Ins 6.40(6)(c)(c) A proxy may confer discretionary authority with respect to other matters which may come before the meeting, provided the persons on whose behalf the solicitation is made are not aware a reasonable time prior to the time the solicitation is made that any other matters are to be presented for action at the meeting and provided further that a specific statement to that effect is made in the proxy statement or in the form of proxy.
Ins 6.40(6)(d)(d) No proxy shall confer authority
Ins 6.40(6)(d)1.1. To vote for the election of any person to any office for which a bona fide nominee is not named in the proxy statement, or
Ins 6.40(6)(d)2.2. To vote at any annual meeting other than the next annual meeting (or any adjournment thereof) to be held after the date, on which the proxy statement and form of proxy are first sent or given to stockholders.
Ins 6.40(6)(e)(e) The proxy statement or form of proxy shall provide, subject to reasonable specified conditions, that the proxy will be voted and that where the person solicited specifies by means of ballot provided pursuant to par. (b) a choice with respect to any matter to be acted upon, the vote will be in accordance with the specifications so made.
Ins 6.40(6)(f)(f) The information included in the proxy statement shall be clearly presented and the statements made shall be divided into groups according to subject matter, with appropriate headings. All printed proxy statements shall be clearly and legibly presented.
Ins 6.40(7)(7)Material required to be filed.
Ins 6.40(7)(a)(a) Two preliminary copies of the proxy statement and form of proxy and any other soliciting material to be furnished to stockholders concurrently therewith shall be filed with the commissioner at least 10 days prior to the date definitive copies of such material are first sent or given to stockholders, or such shorter period prior to that date as the commissioner may authorize upon a showing of good cause therefor.
Ins 6.40(7)(b)(b) Two preliminary copies of any additional soliciting material relating to the same meeting or subject matter to be furnished to stockholders subsequent to the proxy statements shall be filed with the commissioner at least 2 days (exclusive of Saturdays, Sundays or holidays) prior to the date copies of this material are first sent or given to stockholders or a shorter period prior to such date as the commissioner may authorize upon a showing of good cause therefor.

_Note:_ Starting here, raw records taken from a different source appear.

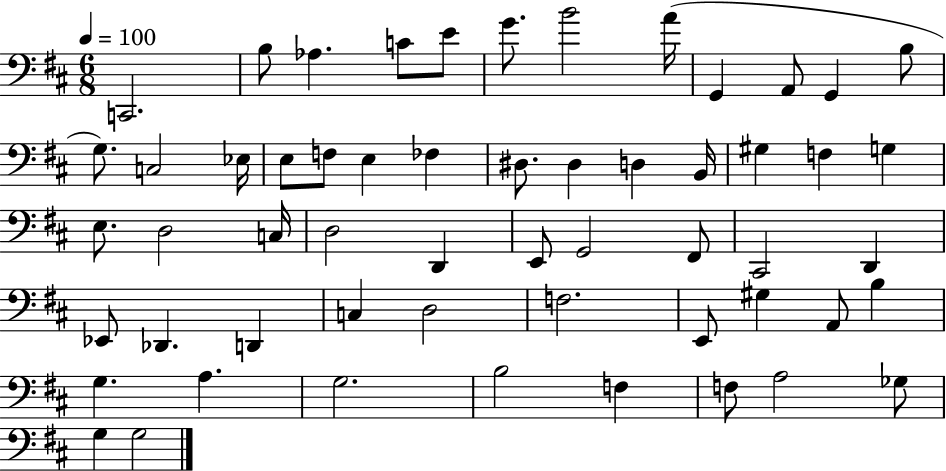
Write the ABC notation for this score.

X:1
T:Untitled
M:6/8
L:1/4
K:D
C,,2 B,/2 _A, C/2 E/2 G/2 B2 A/4 G,, A,,/2 G,, B,/2 G,/2 C,2 _E,/4 E,/2 F,/2 E, _F, ^D,/2 ^D, D, B,,/4 ^G, F, G, E,/2 D,2 C,/4 D,2 D,, E,,/2 G,,2 ^F,,/2 ^C,,2 D,, _E,,/2 _D,, D,, C, D,2 F,2 E,,/2 ^G, A,,/2 B, G, A, G,2 B,2 F, F,/2 A,2 _G,/2 G, G,2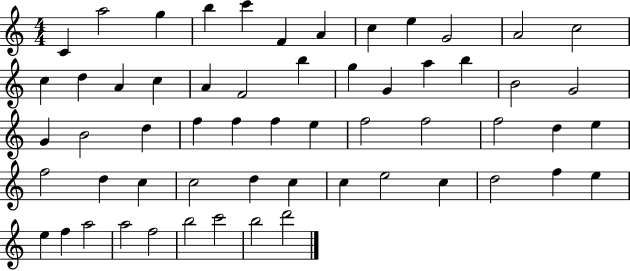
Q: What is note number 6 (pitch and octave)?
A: F4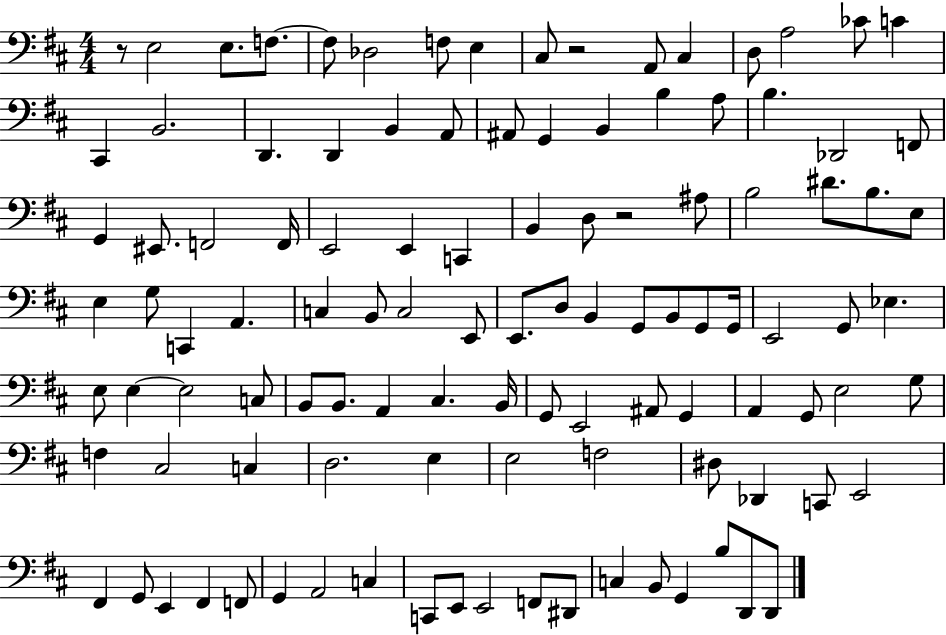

Ins 6.40(7)(c)(c) Two definitive copies of the proxy statement, form of proxy and all other soliciting material, in the form in which this material is furnished to stockholders, shall be filed with, or mailed for filing to, the commissioner not later than the date such material is first sent or given to the stockholders.
Ins 6.40(7)(d)(d) Where any proxy statement, form of proxy or other material filed pursuant to these rules is amended or revised, 2 of the copies shall be marked to clearly show such changes.
Ins 6.40(7)(e)(e) Copies of replies to inquiries from stockholders requesting further information and copies of communications which do no more than request that forms of proxy theretofore solicited be signed and returned need not be filed pursuant to sub. (7).
Ins 6.40(7)(f)(f) Notwithstanding the provisions of subs. (7) (a) and (b) and (11) (e), copies of soliciting material in the form of speeches, press releases and radio or television scripts may, but need not, be filed with the commissioner prior to use or publication. Definitive copies, however, shall be filed with or mailed for filing to the commissioner as required by sub. (7) (c) not later than the date such material is used or published. The provisions of subs. (7) (a) and (b) and (11) (e) shall apply, however, to any reprints or reproductions of all or any part of such material.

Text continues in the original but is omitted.